Faixa de Gaza. ONU acusa Israel de "crime de guerra" por "utilizar" alimentação como arma

por Cristina Santos - RTP
Palestinianos, deslocados pela guerra Israel-Hamas, com ajuda alimentar no norte da Faixa de Gaza. EPA

Mais duas dezenas de pessoas foram mortas a tiro, na última madrugada em Gaza, por balas israelitas perto de um centro de distribuição de alimentos. A ONU acusa Israel de utilizar a fome e a distribuição de comida como arma de guerra na Faixa de Gaza.

As Nações Unidas sublinham que está em causa “um crime de guerra” e apelam ao exército de Israel que "pare de abater a tiro as pessoas que procuram comida”. 

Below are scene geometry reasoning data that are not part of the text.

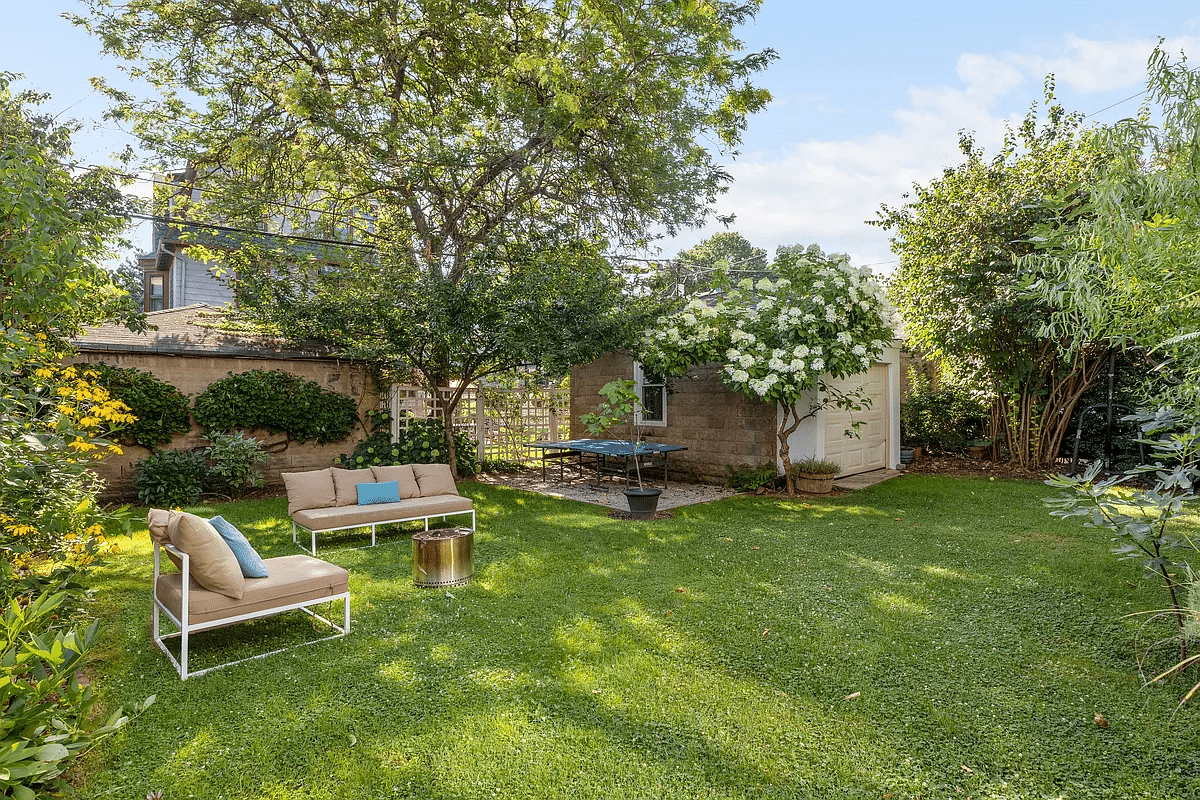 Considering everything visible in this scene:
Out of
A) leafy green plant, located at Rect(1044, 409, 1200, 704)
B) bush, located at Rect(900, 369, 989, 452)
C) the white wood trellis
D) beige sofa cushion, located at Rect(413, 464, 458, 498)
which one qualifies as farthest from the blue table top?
bush, located at Rect(900, 369, 989, 452)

A denúncia surge depois de mais 21 pessoas terem sido mortas enquanto procuravam alimentos próximo de um centro de distribuição da Fundação Humanitária de Gaza (grupo de entrega de alimentos apoiado por Israel e pelos EUA).

De acordo com a Defesa Civil da Faixa de Gaza, para além das 21 vítimas mortais, cerca de 150 pessoas ficaram feridas quando “as forças de ocupação israelitas atacaram civis que aguardavam ajuda na Estrada Salaheddine (entre o chamado cruzamento de Netzarim) e a ponte sobre Wadi Gaza”.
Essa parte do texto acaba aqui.